Bussenumwandlung i.S. Seelenlos
Film "Blutgeil"
 

Sehr geehrte Frau Baumann

Mit Schreiben bzw. Fax vom 23. Oktober 1996 teilten Sie der Staatsanwaltschaft des Kantons Zürich mit, Sie hätten mit völligem Unverständnis zur Kenntnis genommen, dass Seelenlos als Mitautor des Videos "Blutgeil" zu einer Gefängnisstrafe von 33 Tagen verurteilt worden sei.

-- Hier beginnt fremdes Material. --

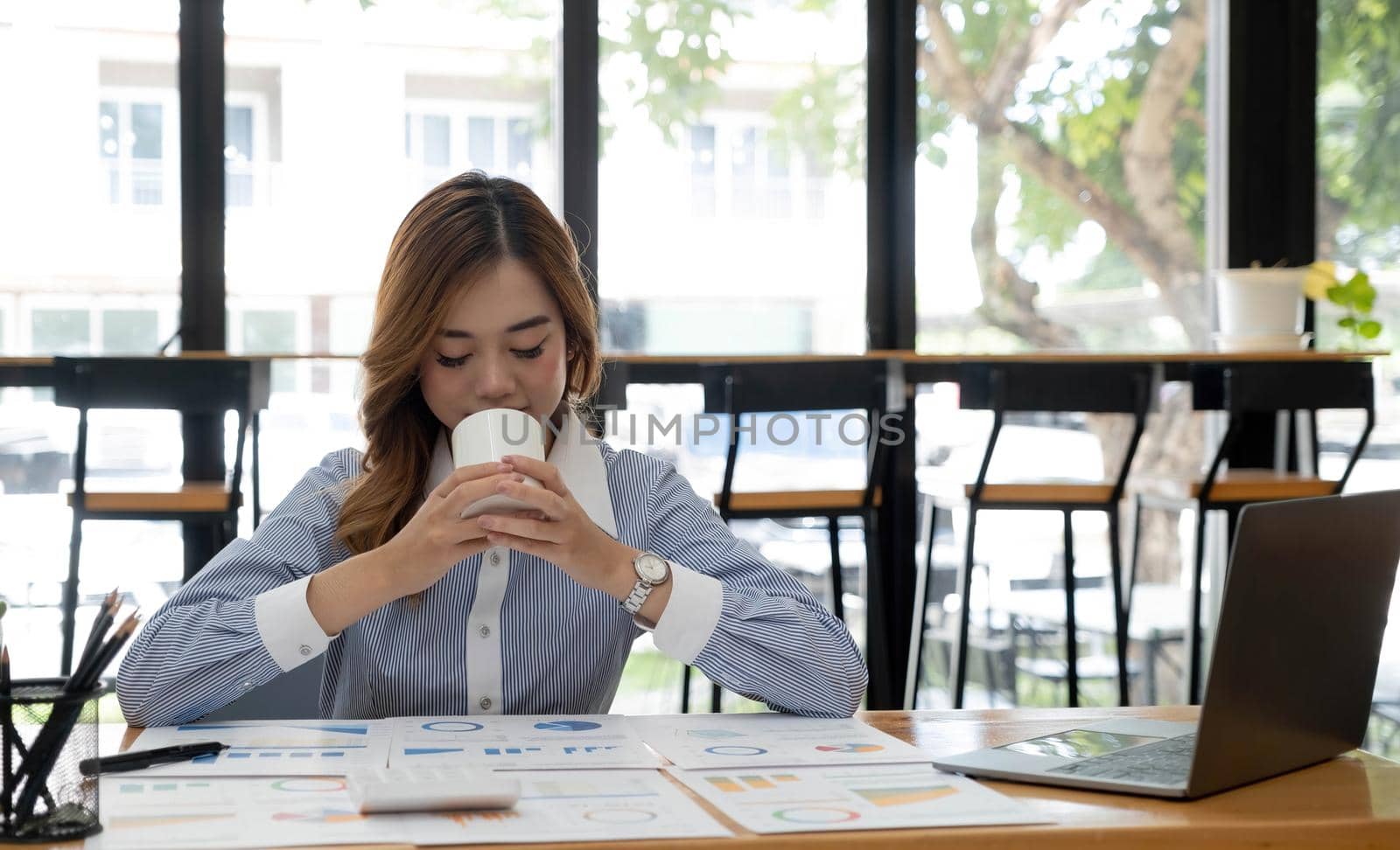 Beautiful young Asian businesswoman smiling holding a coffee mug and laptop working at the office..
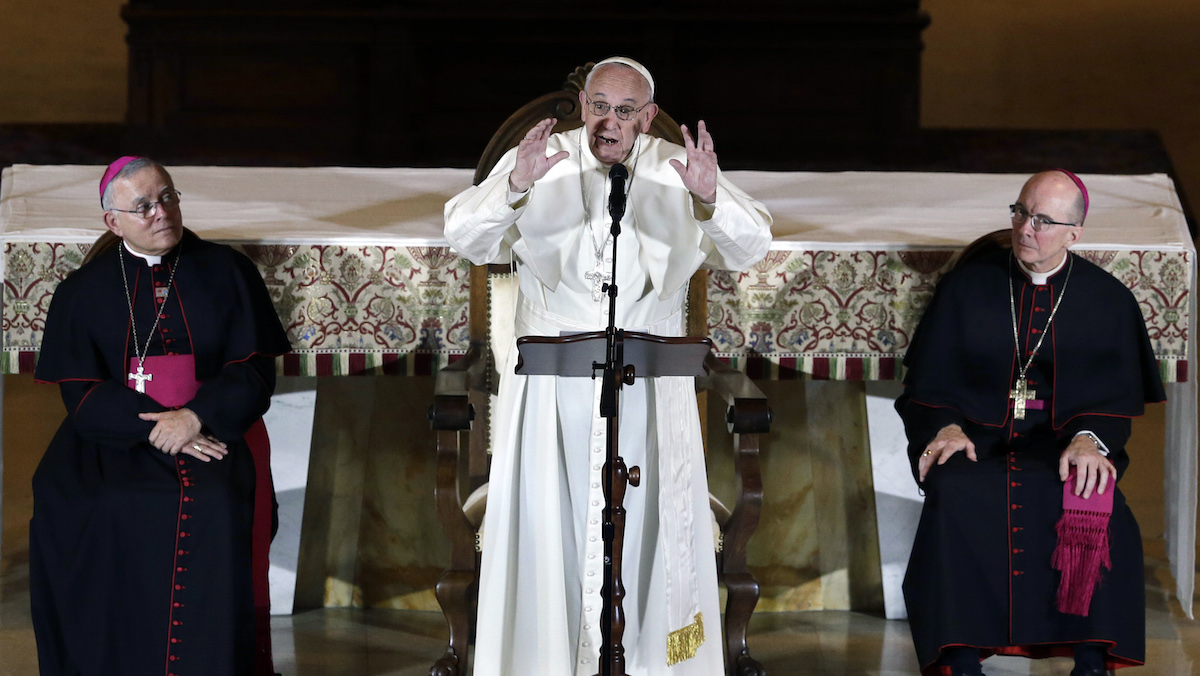  As Archbishop Charles Chaput, left, and Bishop Timothy Senior, right, listens as Pope Francis, addresses a gathering in Saint Martin's Chapel at St. Charles Borromeo Seminary Sunday, Sept. 27, 2015, in Wynnewood, Pa. (AP Photo/Mel Evans)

Dazu ist folgendes zu bemerken bzw. richtigzustellen:

Seelenlos wurde im Zusammenhang mit der Produktion des Films "Blutgeil" am 6. September 1996 vom Obergericht des Kantons Zürich der Gewaltdarstellungen im Sinne von Art. 135 Abs. 1 des schweizerischen Strafgesetzbuches schuldig gesprochen und mit einer Busse von Fr. 1'000.- bestraft. Dieser Entscheid, der übrigens einstimmig erging, ist rechtskräftig. Wenn Sie gegen die - Ihres Erachtens ungerechtfertigte - Kriminalisierung eines Kunstschaffenden protestieren, so ist das Ihr gutes Recht. Indessen müssten Sie Ihren Protest primär nicht an die Staatsanwaltschaft, sondern an das Obergericht richten. Ich bitte Sie jedoch zu beachten, dass das fragliche Urteil von Oberrichtern gefällt wurde, die nach demokratischen Regeln gewählt worden sind und die verschiedenen politischen Parteien angehören. Die Legitimation der Oberrichter ist daher über jeden Verdacht erhaben.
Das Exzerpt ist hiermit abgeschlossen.